M. Dumortier, rapporteur. - La motion d’ordre, c’est le rejet des amendements déposés sur le bureau. Pouvez-vous ainsi rejeter trois ou quatre amendements ? Cela pas admissible. Laissez développer les motifs des amendements, et quand vous serez éclairés, rejetez-les si vous voulez. Vous ne pouvez pas, à prétexte d’une motion d’ordre, écarter des propositions déposées sur le bureau, renvoyées à la section centrale, et qui ont subi la filière des épreuves parlementaires. J’ai cru la motion d’ordre abandonnée par son auteur, et c’est avec étonnement que je l’ai vu reprendre par M. Legrelle qui, pourtant, a assisté aux discussions qui ont eu lieu dans le sein de la section centrale.

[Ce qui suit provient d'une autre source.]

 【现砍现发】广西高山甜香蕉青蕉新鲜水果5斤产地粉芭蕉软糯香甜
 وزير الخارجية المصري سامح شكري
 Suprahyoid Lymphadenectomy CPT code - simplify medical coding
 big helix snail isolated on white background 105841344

Quand une proposition a passé par la filière prescrite par le règlement, il faut que le débat s’ouvre ; vous ne pouvez l’écarter par une motion d’ordre. Je demande que la discussion au fond continue.
M. Dubus. - Je commencerai par dire que je n’avais pas apprécié d’abord la portée de la motion d’ordre. On demandait la suppression du premier paragraphe de l’article de la section centrale ; il me semblait que ce but serait rempli en mettant aux voix séparément les paragraphes, puisque ceux qui voudraient le rejet de ce premier paragraphe voteraient contre ; et voilà pourquoi j’ai dit, lorsque j’occupais momentanément le fauteuil, que la division était de droit. Mais je vois que par la motion d’ordre on veut étouffer la discussion, et obtenir par ce moyen ce qu’on n’obtiendrait pas après un débat.

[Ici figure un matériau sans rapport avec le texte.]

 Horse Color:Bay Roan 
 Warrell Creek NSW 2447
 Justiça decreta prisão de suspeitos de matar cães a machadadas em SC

Dans la proposition de la section centrale, il y a des principes et des conséquences ; et je ne voyais pas comment on les accorderait ; il me semblait que la proposition de la section centrale rencontrerait les plus grandes difficultés dans l’exécution. En y regardant de plus près, je vois qu’il y a une immense différence à maintenir simplement ce qui est, à établir simplement la surveillance du gouvernement sur les administrations des bois, faite par les communes.
Les lois et arrêtés en vigueur donnent-ils au gouvernement un simple droit de surveillance ? La section centrale vous dit que non ; elle vous dit que, excepté l’administration des bois épars, et d’une petite étendue, qui est laissée aux communes, les autres bois appartenant aux communes sont administrés par le gouvernement. Pouvez-vous maintenir cet état de choses ? Vous ne le pouvez pas sans violer la constitution. Ajourner la question de principe, c’est comme si vous disiez : ajournons la mise en action du principe constitutionnel.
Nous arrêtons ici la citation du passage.